The term "remote sensing" means exactly what it says--the sensing (or measuring) of something remotely (that is, not being in the midst of what is being measured). In the context of the atmosphere, remote sensing most often refers to observations collected by radar or satellite that involve the measurement of electromagnetic radiation in a narrow region of the EM spectrum. This radiation either originates from the object itself or is sent out from the instrument and "bounced off" the thing being measured.
To make an analogy, did you know that you have some very sophisticated remote sensing instruments? It's true! Consider your eyes. Your eyes allow you to observe and measure things from great distances. You can also "see" wavelengths over a relatively large band of the EM spectrum (something that most remote sensors can't do). Now, imagine yourself in the center of a large, dark room. How can you remotely sense what's around you? Well, first you might look around for any emission sources within the band of wavelengths that you can detect. This might include a small nightlight over in one corner, or a hot burner (perhaps you're in a kitchen) that is glowing slightly red. These are types of "passive" remote sensing - you are just measuring what is coming to your eye without doing anything else. Now imagine that you have a flashlight. The light is emitted from the flashlight, bounces off objects in the room and then travels to your eye (where you "see" it). This is an example of "active" remote sensing (you are sending out radiation) and then measuring how it comes back to you.

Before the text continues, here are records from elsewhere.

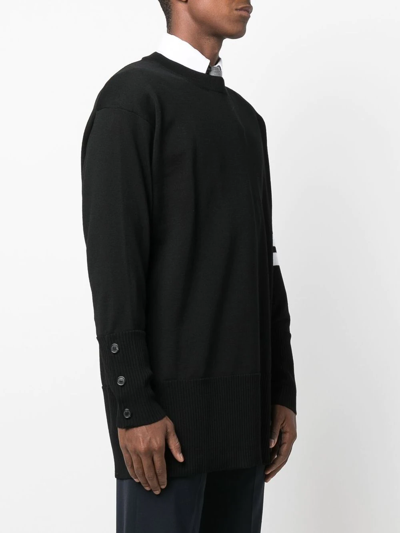 Shop Thom Browne Fine-knit 4-bar Wool Jumper In Black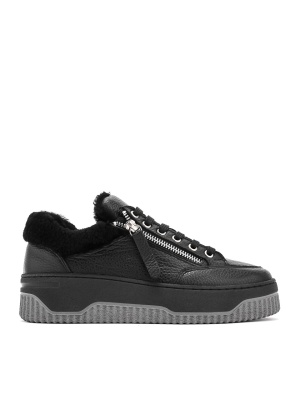 WOMEN'S SPORTS SHOES MADE OF GENUINE LEATHER IN BLACK WITH NATURAL DOWN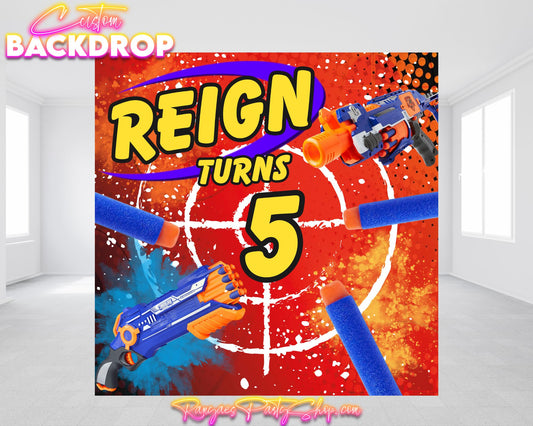 Dart Party Backdrop | Dart Party Banner | Nerf Birthday Party | Nerf Party Birthday Backdrop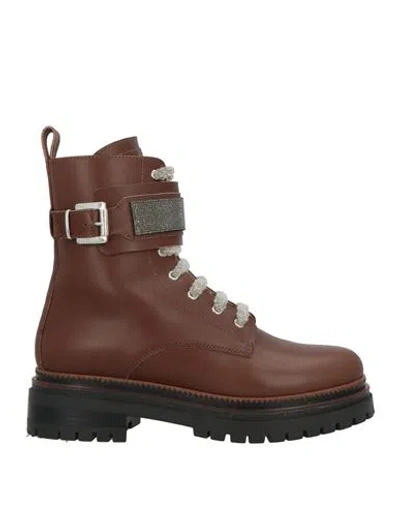 Eleventy Woman Ankle Boots Brown Size 9 Leather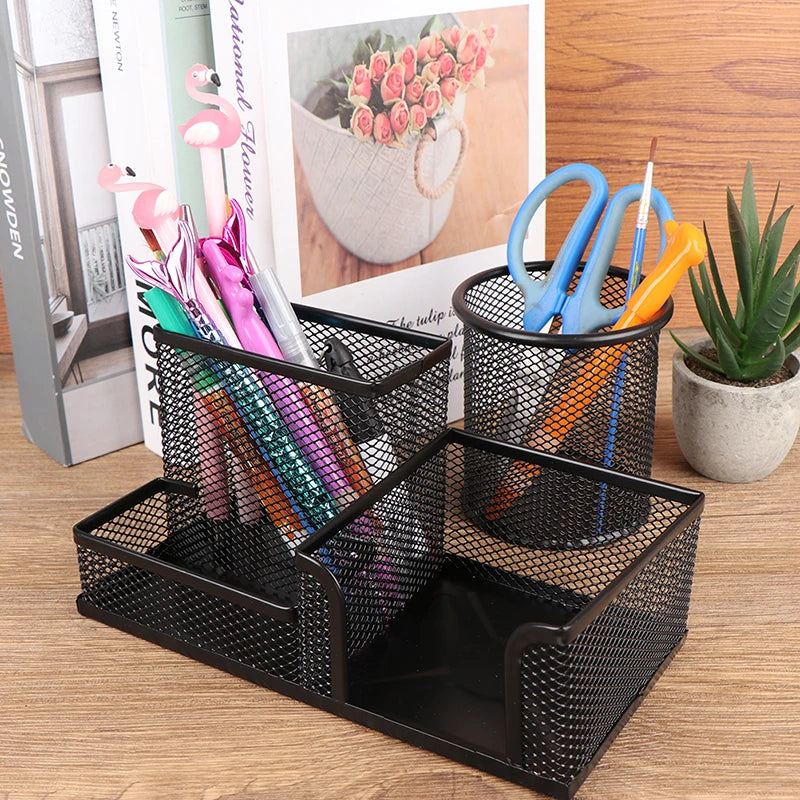 Desk Stationery Organizer Creative Metal Pen Holder Pencil File Storage Rack 3 Grid Storage Box Office Desktop Accessories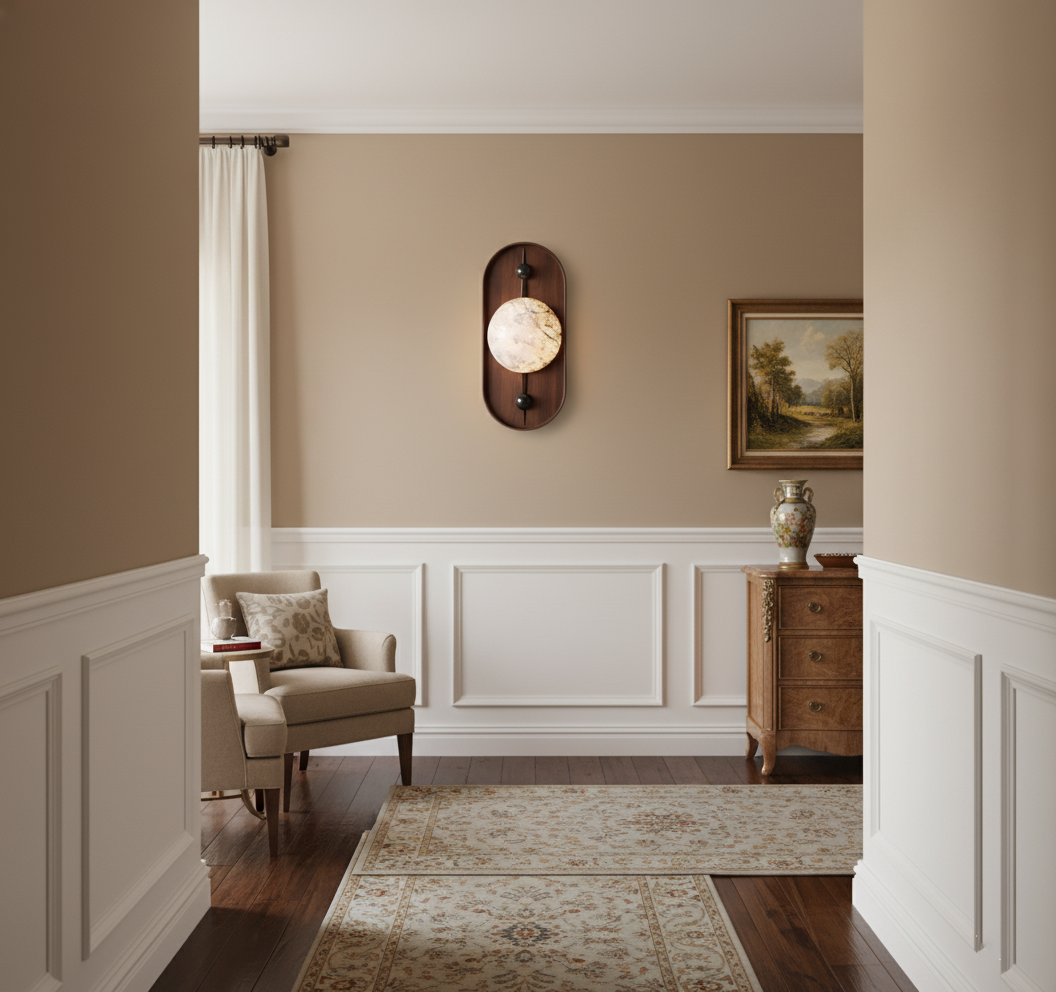 Bezel Alabaster Wall Lamp – Walnut Finish Iron & Genuine Alabaster Wall Sconce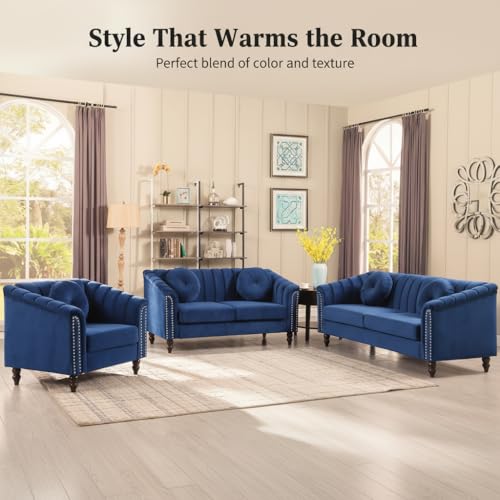 Image of Sofa and Loveseat Set, Microfiber Living Room Set with Wood Legs, 3 Piece Living Room Furniture, Modern 3-Seater Sofa + 2-Seater Loveseat + Accent Chair Sets, for Home Office, Blue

Unfortunately, there is no perfect remote sensing instrument. Each one has its own limitations. For one thing, each type of remote sensor only measures a very limited portion of the electromagnetic spectrum and thus may not be able to "see" everything that we wish to measure. Again, think about your eye--although you can see in the visible spectrum, you cannot see in the infrared spectrum. That being the case, you will likely miss seeing a cat hiding behind a box in your dark room. Even a flashlight won't help you (the cat is behind the box, remember). However, if you had an infrared camera, you could spot the cat by its heat signature. A second limitation is that often (especially for passive remote sensors), what is "seen" by the sensor is not really what is happening. Think about optical illusions involving forced perspective (here's a cool example)--why do they work? Usually, they work because we make certain assumptions about how light travels to our eyes, and those assumptions are hard to break, even though our brain says, "Hey, that can't be happening!" If we go back into our darkened room example, our eyes can play all sorts of "tricks" on us... remember the shadow monsters that you used to "see" in your room at night when you were a young child.
So, remote sensing can be a very powerful tool for measuring things in our vast atmosphere, but we need to be careful. We need to: 1) understand how the remotely sensed measurement was collected and what it means (and what it doesn't mean), 2) use the right tool for the right measurement, and 3) be careful in situations where the instrument may not be correctly measuring what is really going on. Think about these key points as you dive into this week's lesson material.